• Material for the task:
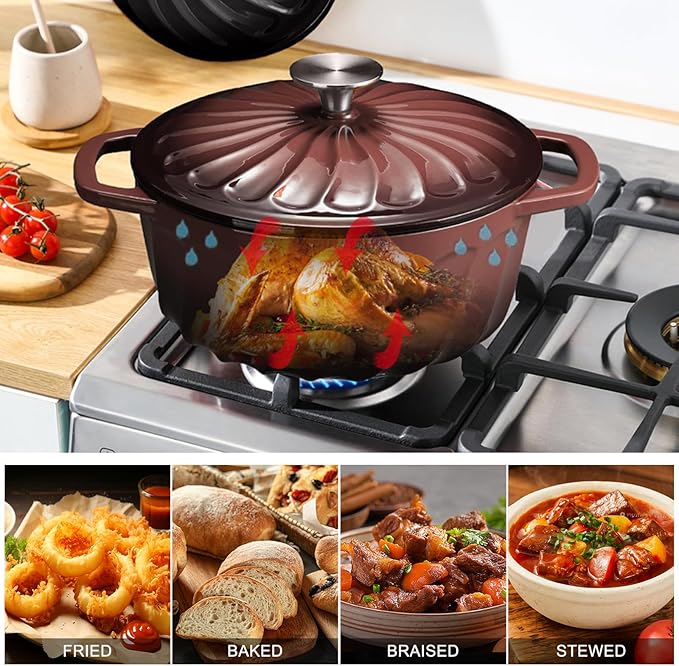 Enameled Cast Iron Dutch Oven with Lid, 3 QT Dutch Oven Pot for Bread Baking, Heavy Duty Cast Iron Pot for Braising, Cook, Bake, Oven Safe across All Cooktops (Brown,3 QT)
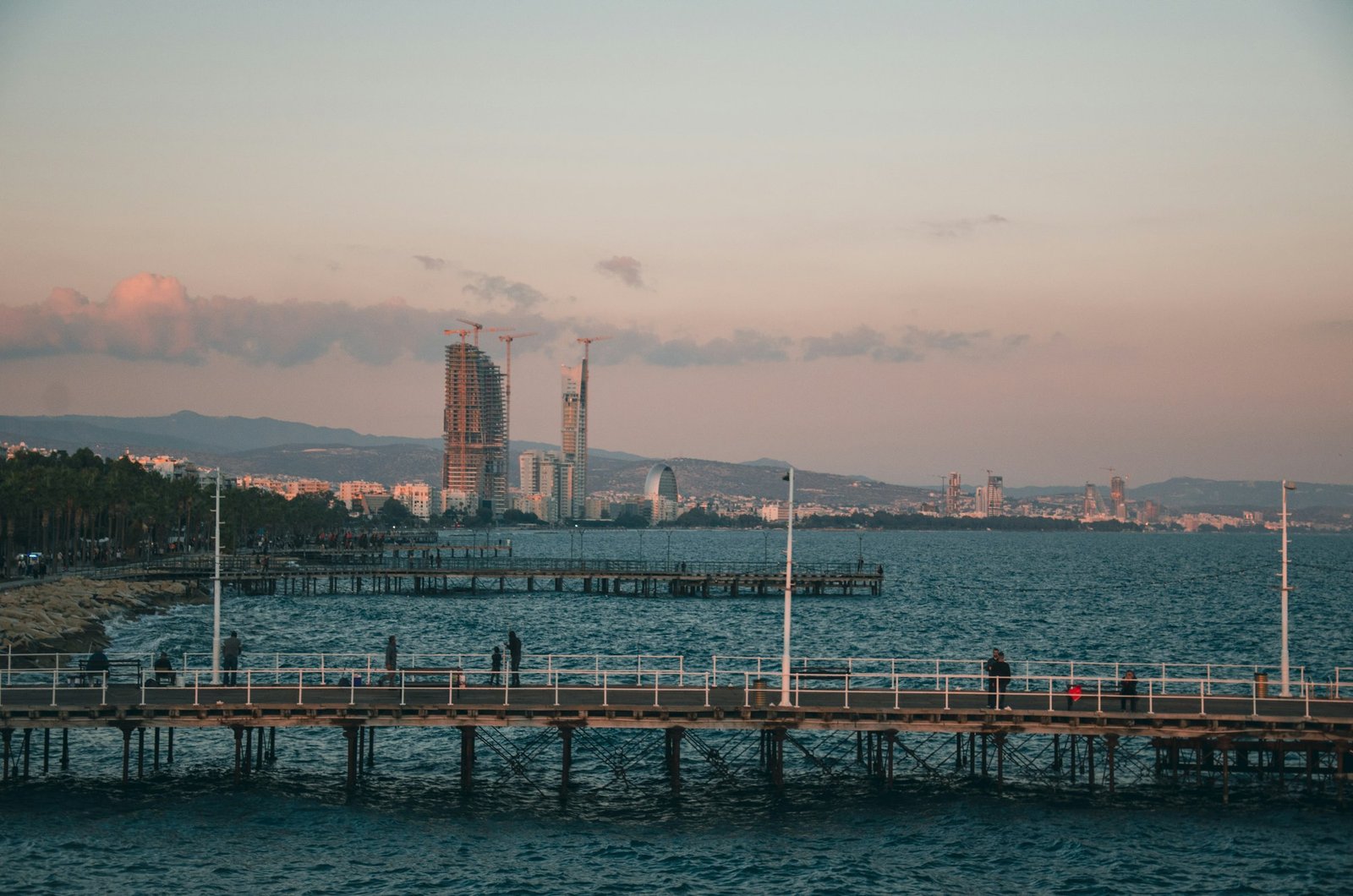 Limassol seafront and pier at sunset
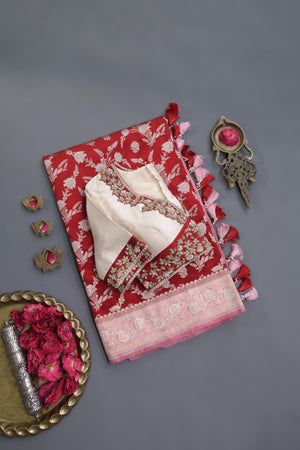 Rich Red and Blush Banarasi Silk Saree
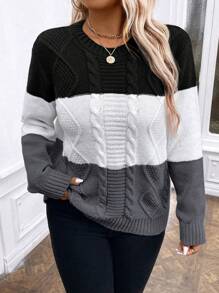 Áo len chui đầu dài tay cổ tròn màu trơn cỡ lớn, thường ngày, cho mùa đông - Nhiều màu - Xem 1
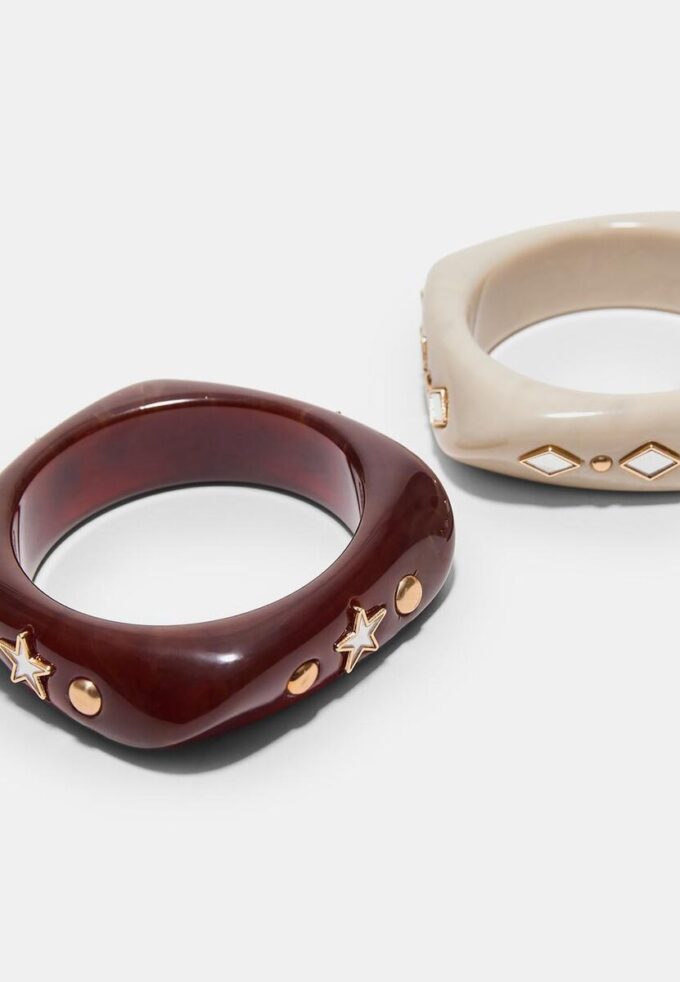 Conjunto de 2 pulseiras com estrelas e brilhantes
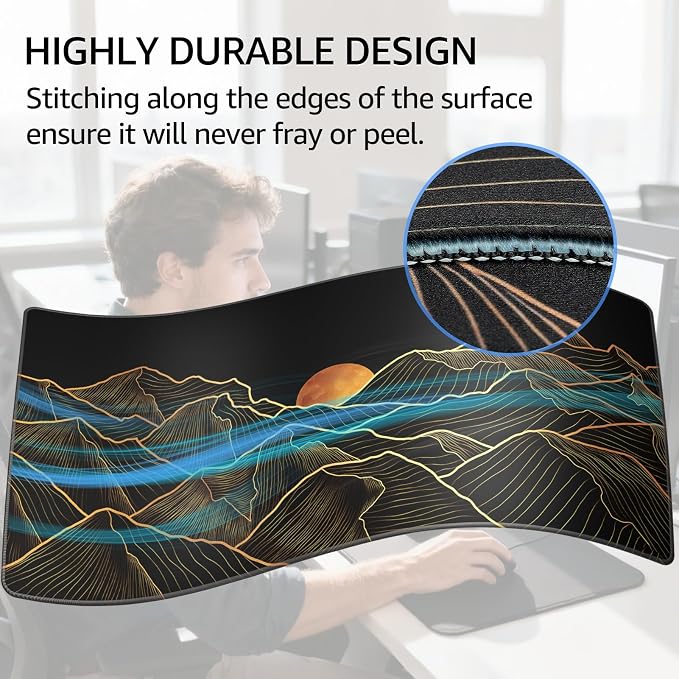 KTRIO Large Gaming Mouse Pad, Desk Mat, 31.5 x 15.7 in, Bright Rise, XXL | - Image 3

• Goal of the exercise:
An exact printout of the listing is needed, minus any pictures it contains.

• Response to the task:
 Enameled Cast Iron Dutch Oven with Lid, 3 QT Dutch Oven Pot for Bread Baking, Heavy Duty Cast Iron Pot for Braising, Cook, Bake, Oven Safe across All Cooktops (Brown,3 QT)
 Limassol seafront and pier at sunset
 Rich Red and Blush Banarasi Silk Saree
 Áo len chui đầu dài tay cổ tròn màu trơn cỡ lớn, thường ngày, cho mùa đông - Nhiều màu - Xem 1
 Conjunto de 2 pulseiras com estrelas e brilhantes
 KTRIO Large Gaming Mouse Pad, Desk Mat, 31.5 x 15.7 in, Bright Rise, XXL | - Image 3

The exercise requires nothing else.